Rentrant chez ses grands-parents maternels, il s’adonne à l’ivresse des bains fumants ! Avant de partir, sa Grand-Mère épouse du baron lui avait offert un exemplaire usagé des poèmes de Rimbaud ! Pendant des années, c’est son livre préféré ! Surtout le Poème « Le Bateau ivre » ! Il a l’impression qu’en le lisant, il rejoint son père, imaginant que sur le ruisseau « la flache / Noire et froide vers le crépuscule embaumé / Un enfant accroupi de tristesse, lâche / Un bateau frêle comme un papillon de mai » !
Un père manque à Patrick. Surtout à l’adolescence. Il n’a que deux grands-pères. La vie du sang suffit à le faire s’évanouir, et sans doute est-ce lié à son père mort en sautant sur une mine ! Le sang fut pour la horde sauvage du château un excellent moyen de torture !
Patrick passe outre l’avis du baron pour épouser Danièle, alors que le baron pense que c’est une mésalliance. Et il décida de s’expatrier, passa le concours de la diplomatie, pour échapper à l’arriération du monde des Nothomb auquel il appartenait. Et le père de son épouse représenta pour lui le père idéal !

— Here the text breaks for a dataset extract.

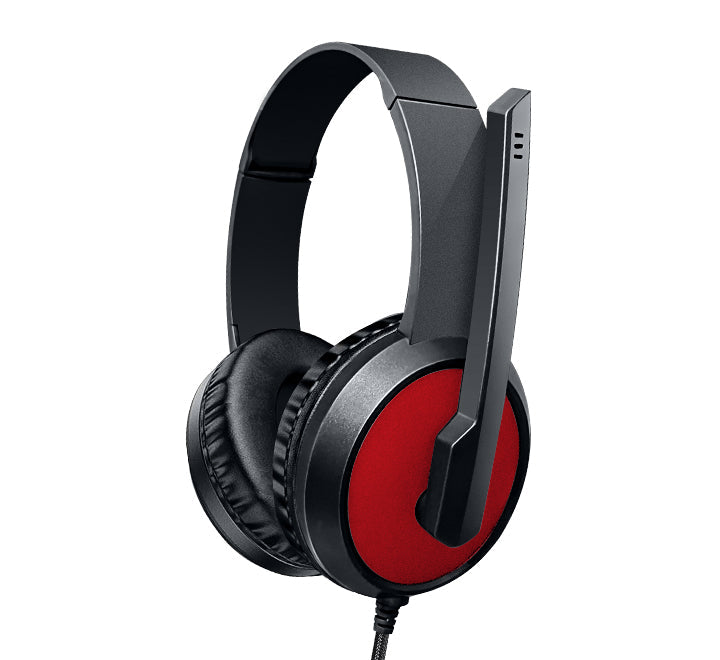 Space Alpha Pro Gaming Headset Red Price in Pakistan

C’est comme cela que sa première affectation fut le Congo ! Et que là, lors de la prise d’otages, lui le Consul, par son art des palabres appris avec le baron, par son aguerrissement chez les Nothomb, avec la horde sauvage de ses tortionnaires, et par l’expérience de la faim qui lui fit boire tant d’instants éternels de joie et de poésie, à chaque fois sans prix, il sut combien il était vital pour lui de s’adresser à chaque humain et là à chacun de ses preneurs d’otages, lors des palabres, comme la personne la plus importante de sa vie !
On comprend par ce roman si singulier pour dire au revoir à son père comment Amélie Nothomb peut être son père racontant sa biographie de la faim, qui enseigne comment cet aguerrissement à la faim permet de boire des coupes pleines d’inattendues manifestation de la beauté qui à chaque fois condense une éternelle vie de délices, et d’être capable d’une telle attention aux autres que ceux-ci acceptent de ne pas l’exécuter, de le reconnaître. Parce que, sans doute, elle est comme lui.